Highway Radar has a built-in mechanism for alerting drivers on proximity aircraft, which may potentially do speed enforcement. Highway Radar connects to ADS-B exchange networks (what is ADS-B?), then attempts to detect which nearby aircraft can do speed enforcement, and displays them to the user. The aircraft alerting mechanism doesn't require any configuration and works out of the box.
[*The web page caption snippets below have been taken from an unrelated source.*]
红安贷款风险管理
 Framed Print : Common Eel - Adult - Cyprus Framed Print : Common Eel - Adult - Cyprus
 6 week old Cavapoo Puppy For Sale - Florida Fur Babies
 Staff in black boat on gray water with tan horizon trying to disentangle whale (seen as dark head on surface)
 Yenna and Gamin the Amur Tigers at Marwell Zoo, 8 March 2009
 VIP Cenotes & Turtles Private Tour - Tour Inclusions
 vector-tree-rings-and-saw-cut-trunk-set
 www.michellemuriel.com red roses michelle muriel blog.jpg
It is essential to understand that Highway Radar tries to filter out aircraft which can't do speed enforcement (e.g., not alerting on passenger Boeings or flight school-owned aircraft). If the application didn't do that and alerted on every aircraft above, it would have become unusable. Because of the filtering, sometimes it may seem the aircraft alerts aren't working – especially if you see an airplane with your eyes but don't see it in the app. There is a way to make Highway Radar display all aircraft (Settings > Aircraft alerts > Choose which aircraft to show > All aircraft, including safe
). However, we don't recommend using the application with all aircraft enabled. The all aircraft mode is only suggested to verify that the application is pulling the aircraft data.